# Les Paul 1959 reissue vs. Other LP



## mobydick (Oct 24, 2009)

Hi, could someone who has experience playing a 1959 LP reissue let me know if it is better or worse for playability and sound than other conventional LP guitars? The reissues are obviously more money and collectibles, however are they everyday players? Thanks


----------



## nonreverb (Sep 19, 2006)

mobydick said:


> Hi, could someone who has experience playing a 1959 LP reissue let me know if it is better or worse for playability and sound than other conventional LP guitars? The reissues are obviously more money and collectibles, however are they everyday players? Thanks


Yup, they are...:smile:


----------



## -TJ- (Aug 28, 2006)

nonreverb said:


> Yup, they are...:smile:


on average yes, but I've played a few RI's R8, R9, and R0 (well only one of these and it was good but not great) that were good guitars, but definitely underwhelming for the price tag.... on the other hand I played a few that were just phenomenal instruments, I would not buy without trying a bunch first 

just my opinion:smile:


----------



## Stevo (Apr 3, 2008)

I think with R9's you are paying the premium for the figured top. I think R7's, R8's or R0's are every bit as toneful and playable as an R9. At least with the ones I have tried. 

In my experience, most Custom Shop stuff tends to be of better quality than the Gibson USA stuff. Not all the time but in the majority. In my last LP hunt, I managed to get three prospective LP's home and running through my rig. Two Gibson USA's (LP Faded and LP Traditional) and a custom Shop LP (used Warren Haynes sig LP). The Haynes LP was almost double the price but three times the guitar of the other two.


----------



## dwagar (Mar 6, 2006)

yes, they are meant to be players. 

IMO the historic line is head and shoulders above the USA line.

R9s and R0s have the extra charge for both the figured top and (in theory) lighter mahogany.
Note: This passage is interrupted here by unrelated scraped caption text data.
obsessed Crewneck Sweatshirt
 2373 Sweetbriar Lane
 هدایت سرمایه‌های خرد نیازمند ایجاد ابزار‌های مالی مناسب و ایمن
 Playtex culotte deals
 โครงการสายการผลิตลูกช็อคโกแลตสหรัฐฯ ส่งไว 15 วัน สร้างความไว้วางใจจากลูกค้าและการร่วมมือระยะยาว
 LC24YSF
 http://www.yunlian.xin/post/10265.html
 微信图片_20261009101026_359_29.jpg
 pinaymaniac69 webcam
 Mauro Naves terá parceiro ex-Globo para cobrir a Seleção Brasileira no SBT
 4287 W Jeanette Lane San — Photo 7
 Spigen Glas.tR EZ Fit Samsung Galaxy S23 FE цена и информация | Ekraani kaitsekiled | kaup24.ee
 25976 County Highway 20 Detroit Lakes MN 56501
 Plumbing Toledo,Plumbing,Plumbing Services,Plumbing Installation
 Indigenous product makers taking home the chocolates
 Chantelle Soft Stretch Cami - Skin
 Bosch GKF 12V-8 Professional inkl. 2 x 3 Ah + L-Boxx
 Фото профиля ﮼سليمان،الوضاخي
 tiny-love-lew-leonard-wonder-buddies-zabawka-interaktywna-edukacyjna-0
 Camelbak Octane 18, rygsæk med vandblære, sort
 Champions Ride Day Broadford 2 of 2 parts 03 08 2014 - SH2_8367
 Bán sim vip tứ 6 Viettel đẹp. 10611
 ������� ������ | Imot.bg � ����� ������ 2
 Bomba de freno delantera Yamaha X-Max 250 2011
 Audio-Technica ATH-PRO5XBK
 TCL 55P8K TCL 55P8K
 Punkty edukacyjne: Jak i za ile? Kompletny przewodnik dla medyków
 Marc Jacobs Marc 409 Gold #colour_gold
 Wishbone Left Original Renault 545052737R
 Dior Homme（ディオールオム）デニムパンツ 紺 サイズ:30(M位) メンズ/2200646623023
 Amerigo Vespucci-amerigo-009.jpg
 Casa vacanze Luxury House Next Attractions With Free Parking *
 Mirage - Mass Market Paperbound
As far as playability and tone, I think the R7s and R8s are basically the same as R9/0.


----------



## six-string (Oct 7, 2009)

that is a simple question but the answers can get complicated.
in a word: yes.

but to explain in detail why an R9 is better than a lot of other LPs takes some time.
first thing to understand is that the Historic Reissues, whether and R9, R8, R6 etc. are just that..."Reissues". they are not originals but are as close a facsimilie as Gibson has made of any of their classic 50's electric guitars since...well the 1950's.
they are not 'exact' copies. and there are lots of nitpickers who will tell you all the details that are not exactly the same as a real 1959 LP. 
oh the plastic is different, the pickups are different, the wood is different, the paint job is different etc etc. but hey, they are built in the 2000s not the 1950s. 
but they are still excellent guitars that have a lot of hand made details on them. and generally speaking of the oh 100 or so Historics i've played in the past few years, most are smooth playing and great sounding guitars.
obviously some are better than others. 
what they have going for them over other Gibson LPs is that they are are all solid bodies (no chambering or weight-relief holes in the body) and the fit and finish is what you would expect from the Custom shop.

now that is not to say that regular Gibson USA LPs are crap. because they aren't. but if you are into the mythology of a bunch of geriatric old rock dinosaurs like Page, Taylor, Green, Clapton, Beck, Bloomfield etc then you will probably get closer to the playing experience, feel, tone and sound with one of these Historic reissues than a basic LP.


----------



## northern1 (Feb 2, 2006)

Yes Historic's are definately players a Les Paul is ok with some ware on it, PRS's are ugly with marks on them cause they are so pretty, I sold my last S245 artist because it was to dam nice looking to play or take it out of the house. The Historic's in my experience are much better and more consistant with slight tone and feel differences in the same model I have owned 2 R9's and an R7 and they were all great players and tone that would make a LP lover lofu 
The regular production LP's are extremely hit and miss the best one I played was a 2004 and it was a great guitar but 15 to 20 other standards I have played in the last 4 or 5 years didn't have the mojo feel or tone not even close in fact they are getting further away than close to the real LP vibe.
Good luck.


----------



## bolero (Oct 11, 2006)

you'll get a lot of different answers on a question like this

the only way to make up your mind is to play a bunch & compare them

theoretically & from a marketing perspective the historics should be a better guitar....but are they worth the $$? 

only you can answer that

I have played standard LP's, studio LP's, and even copies, that with decent pickups, became amazing guitars. one of my faves is an old Tokai, it certainly holds up. LP studio's may not have the flash, but they are very solid gtrs

so my answer: if you're on a budget get a standard or studio etc, it will certainly do the job & will kick ass if you get some good pickups

if you've got money to burn, are into collectibles, or worry about pedigree go ahead & get an historic, they are great but not necessary to make great music

in the end it's the player that matters.....and what inspires you to play

and if an historic inspires you to play more, more power to you sdsre


----------



## jimihendrix (Jun 27, 2009)

hey there...listen very carefully to jimmy page's words here...his '59 les paul has been refinished...which is a big "no-no" in collector's circles...he's also altered the tuners...installed a push/pull knob...installed a phase reversal switch...yikes...it's hardly "original" anymore...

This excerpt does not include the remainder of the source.